ASA desensitization for coronary artery disease

The incidence of ASA hypersensitivity in the general population ranges from 0.6-2.5% [126, 127], but that in adult asthmatics ranges from 4.3-11% [128]. In the Asia-Pacific region, studies from Korea have demonstrated specific genetic and ethnic risk factors in Korean populations for AERD, AIU and AICU [129]. The true prevalence for ASA hypersensitivity among individuals with coronary artery disease in the Asia-Pacific region is unknown. Nonetheless, low-dose (81-325 mg/day), rapid ASA desensitization-challenge regimes appear to be useful in patients with ASA/NSAID sensitivity with coronary artery disease, in particular those who have undergone percutaneous coronary intervention [26, 130]. ASA desensitization is not desensitization in the truest sense of the word as the majority of ASA reactions are largely idiosyncratic with no immune mechanisms involved. The mechanisms are likely to be similar to high-dose ASA desensitization. The published protocols so far have been effective in the majority of patients studied [131-133], with relatively low rates of desensitization failure up to 24 months from initiation [131]. For ASA desensitization failures, alternative types of stents [134] or other anti-platelet combinations may need to be considered.
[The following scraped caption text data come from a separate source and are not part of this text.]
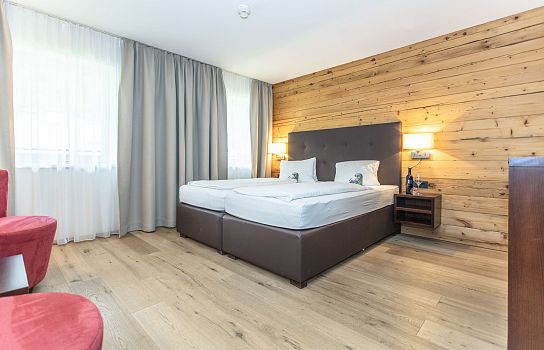 Gemütliches Hotelzimmer mit Holzwänden, zwei zusammengestellten Einzelbetten, großen Vorhängen, einem roten Sessel und warmer Beleuchtung.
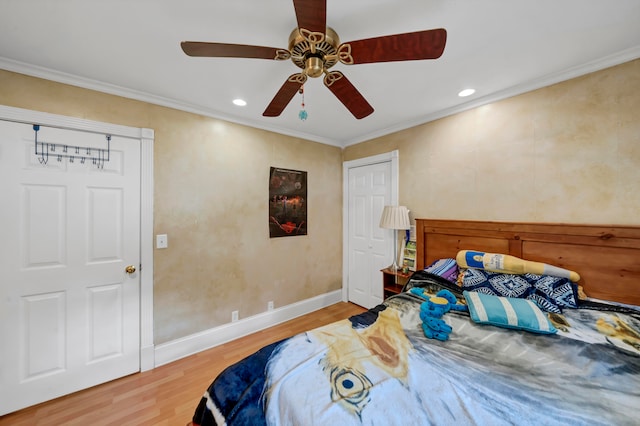 bedroom featuring ceiling fan, light wood-type flooring, and crown molding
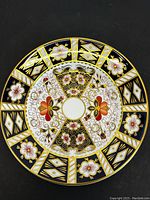 Front view of the vintage Royal Crown Derby plate showing elaborate pattern and colors of the design.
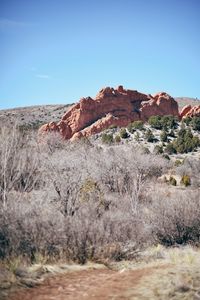 Scenic view of rocky mountains against clear blue sky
Chemotherapeutic and biologic agents

Cancer is a major cause of death in the Asia-Pacific with cancer frequencies and cancer types varying across different Asian countries. The incidence and prevalence of gastric cancer is high in East Asia and very low in the South East Asian countries. In contrast, hepatocellular carcinoma rates are high in the entire region in view of the endemicity of chronic hepatitis B infection [135]. Chemotherapeutic agents that are most commonly associated with hypersensitivity reactions include platinum-based drugs in the treatment of ovarian, small cell lung and germ cell cancer; taxanes and monoclonal antibodies (transtuzumab) used in the treatment of breast cancer; and rituximab in the treatment of non-Hodgkin's lymphoma. These drugs are often needed for refractory or recurrent disease. Standardized 12-step desensitization protocols given intravenously/intraperitoneally over 6 h have been found to be safe and effective in 94% of infusions (mild or no reactions), with no life-threatening adverse reactions reported [136]. Among patients who received standardized 12-step desensitization protocols for transtuzumab, rituximab and infliximab, hypersensitivity reactions occurred during 29% of desensitizations, including 27 mild reactions, 1 moderate reaction, and 2 severe reactions [137]. In these studies, the initial desensitizations were done in an intensive care setting, and subsequent infusions as outpatients. Breakthrough symptoms can be managed with anti-histamines and systemic glucocorticoids, and decelerating the dose escalation with intermediate infusion steps [5].

CONCLUSION

The objectives, indications, contraindications, principles of drawing up drug desensitization regimes are similar. However, the mechanisms of desensitization for immediate versus non-immediate reactions are clearly distinct. Most current desensitization regimes are effective and can be safely carry out with careful patient selection and close monitoring under the supervision of trained allergists and nursing staff.